With this fairness condition property at_least_one_leader_fair holds. Note that in the above enabled conditions we did not explicitly checked if it was possible to create a message of the appropriate type to send. For example in initiate_enabled we did not include the condition some CandidateMsg & payload.n. The behaviors where that condition is false will be excluded from the analysis by the fairness property, which is precisely the intended. Also, since our scope for Message is big enough, the configuration where all possible messages exist will also be analyzed, and in that configuration those constraints would be trivially true, and so all the interesting behaviors will still be verified. Actually, when using explicit messages it might be a good idea to just change the generator and unique predicates to facts, because analysis commands will only have to explore a single message configuration and this might lead to efficiency gains (besides all the advantages in validation). Of course, then we must be very careful to always choose a big enough scope for messages. The only reason to keep them as predicates is if the scope needed to have all possible messages becomes too big: in that case the analysis might be too inefficient, and without the generator axiom we might still be able to check the property for a smaller number of messages. Of course, then we will have no guarantees that all possible executions for a given number of nodes are explored, but we might still be able to find bugs and have some confidence in the results.

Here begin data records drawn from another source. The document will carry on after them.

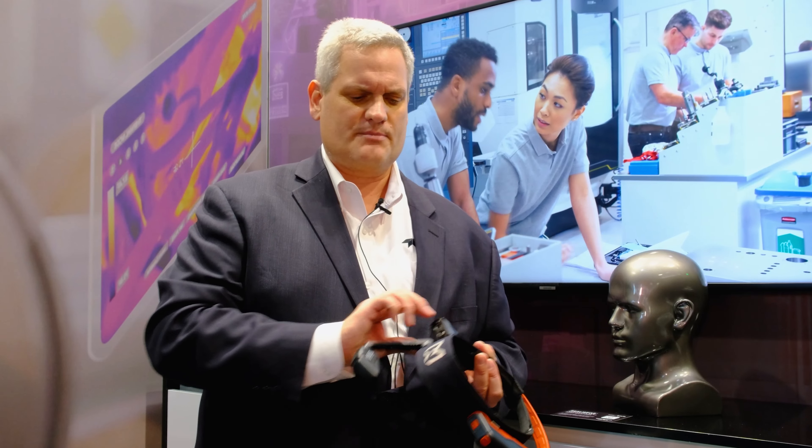Again, RealWear is the company. The Navigator Z1 is the product, and we're happy to have them as part of the Thermal by FLIR program.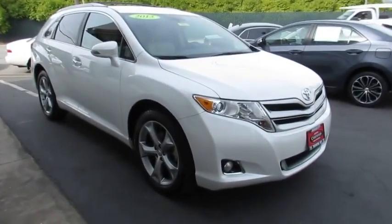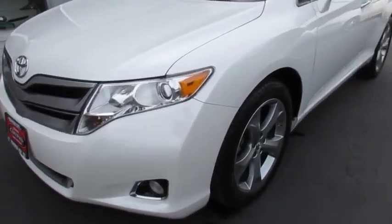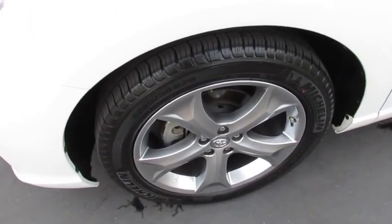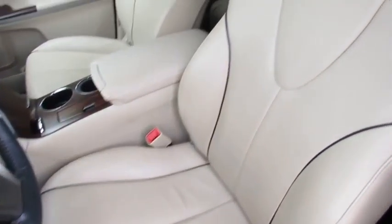The 2013 Toyota Venza blends the attributes of a crossover SUV with those of a wagon. Venza boasts a spacious interior, a powerful and efficient engine, a pleasant driving demeanor, innovative interior storage, and strong crash test scores. You're more than one thing, so is Venza.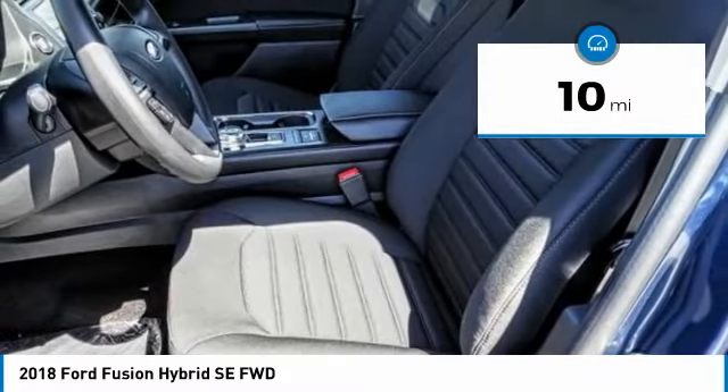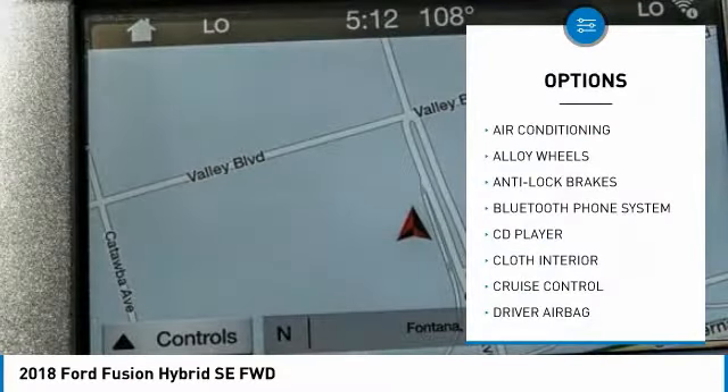Here are some of this vehicle's great options: anti-lock brakes, backup camera, Bluetooth, driver airbag, air conditioning, alloy wheels, cruise control, power windows, power locks, CD player.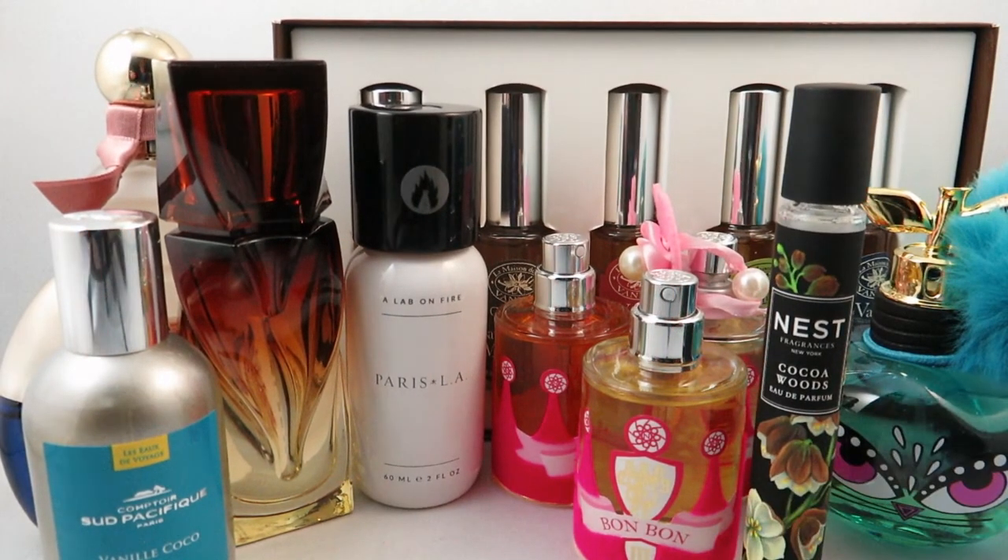Those are my fragrance acquisitions from July. Let me know if you have any of these, what your favorites are, or which ones you're looking forward to trying. I'll link everything I can down below. Thank you so much for watching — if you like my videos, please remember to like and subscribe.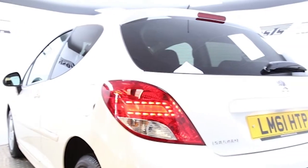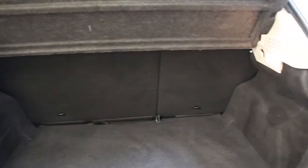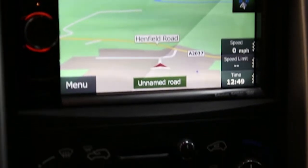Key features include one lady owner, Clarion Multimedia Navigation System with DVD, air conditioning, alloys, CD player, electric windows and mirrors, and Bluetooth phone connectivity.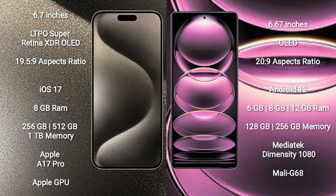Redmi Note 12 Pro comes with 6GB, 8GB, or 12GB RAM and 128GB or 256GB internal storage, powered by the MediaTek Dimensity 1080 processor and Mali-G68 GPU.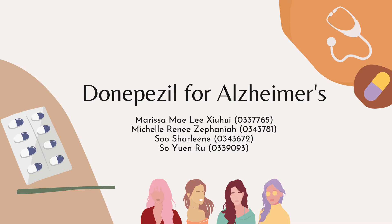Hey there! Welcome to our video for Advanced Pharmacology. I am Marissa and my group members are Michelle, Charlene, and Yuen Rue. The topic of our video today is on the medication used in a disease very common in our society — Alzheimer's. Let us find out a little bit more about what Alzheimer's really is.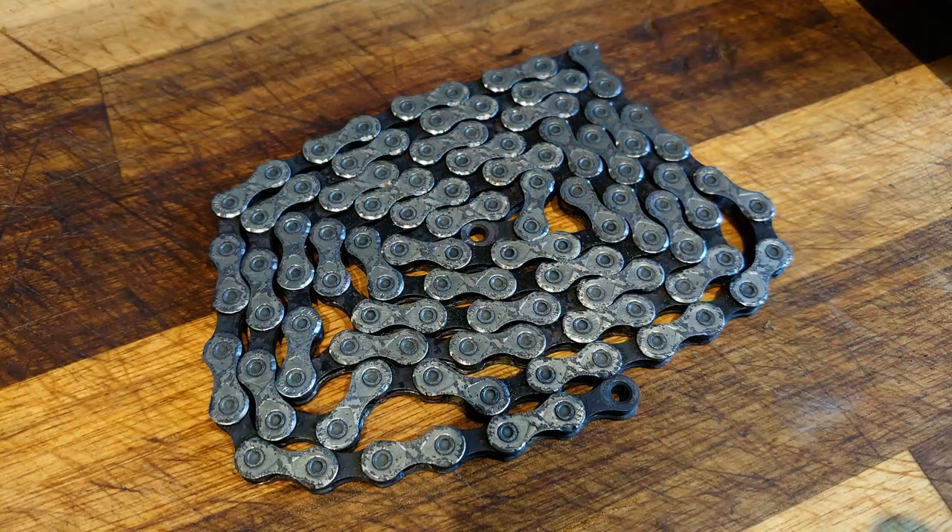When COVID-19 reared its ugly head, it brought with it some pretty bad supply chain issues that we're actually still feeling. There were shortages of parts, and many people — us included — were left searching far and wide for certain products and components. But when they arrived, they weren't always what they said they were.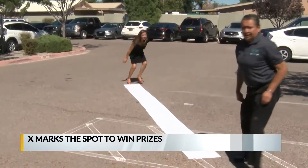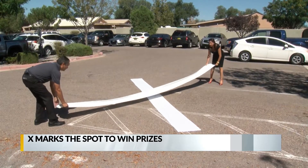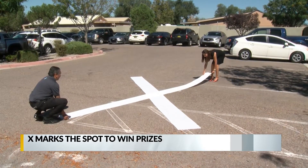You can put an X on your property to indicate it is okay for a pilot to land there. The chamber has 600 Xs to give out, but anyone can participate.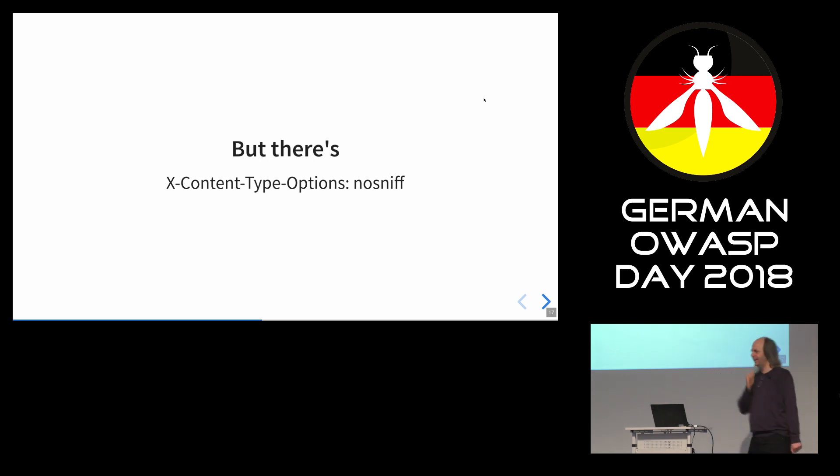Some of you might say, yeah, but there's the header X-Content-Type-Options: nosniff. There are web pages that test your site for security and they always tell you to set this header. So you set this header, and then you're secure because this disables MIME sniffing, right?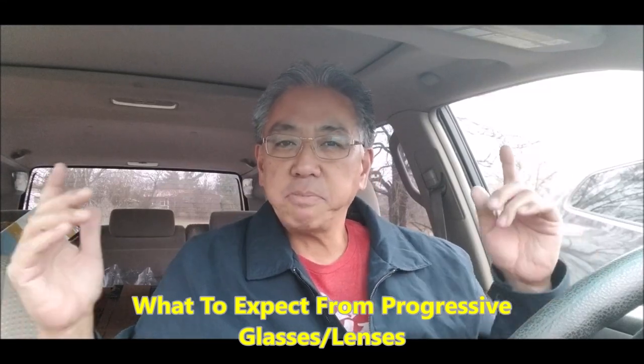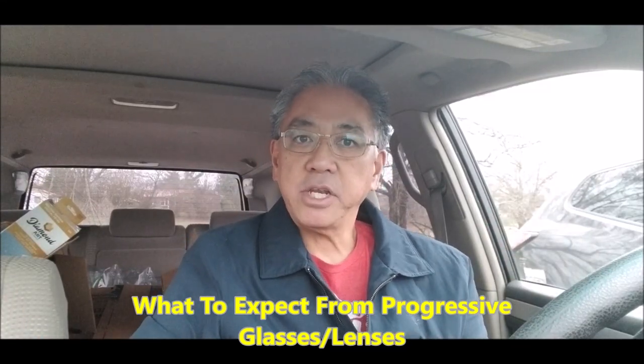Hey guys, it is Bass Play 12 or Mitchie's. You guys know me. Today's video is going to be about my new progressive glasses.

The reader might wonder if instead of having a static Message signature we could declare it as mutable, and then really create new messages when they are needed. That can be done in Alloy, but, unfortunately, from our experience, that option makes specification more difficult and analyses less efficient, when compared to the static version with the generator and unique assumptions, so we will not discuss it here. And concerning efficiency, there is a much better alternative that we will discuss next, that is to not have explicit messages as signatures.

Alloy model

Full model for the section

Download and explore the files relevant for the model at this point of the book.

https://github.com/practicalalloy/models/tree/2024-02-28/protocol-design/explicit-messages-as-signatures

Further reading

The trace evaluator

Learn more about using the evaluator to validate and debug traces.

The trace evaluator

Further reading

Commands in detail

Understanding how scopes work is essential to write useful analysis commands.

Commands in detail

Messages as tuples¶

In the previous section we used signatures to encode records, which led to some issues with validation. However, we can also explore Alloy’s flexible relational logic to implement a more abstract version that instead of using signatures implements messages directly as tuples. This has the advantage of avoiding the validation issues, and, by removing message atoms, it will also speed up analysis. The trade off is that it does not scale very well when we have very complex message types.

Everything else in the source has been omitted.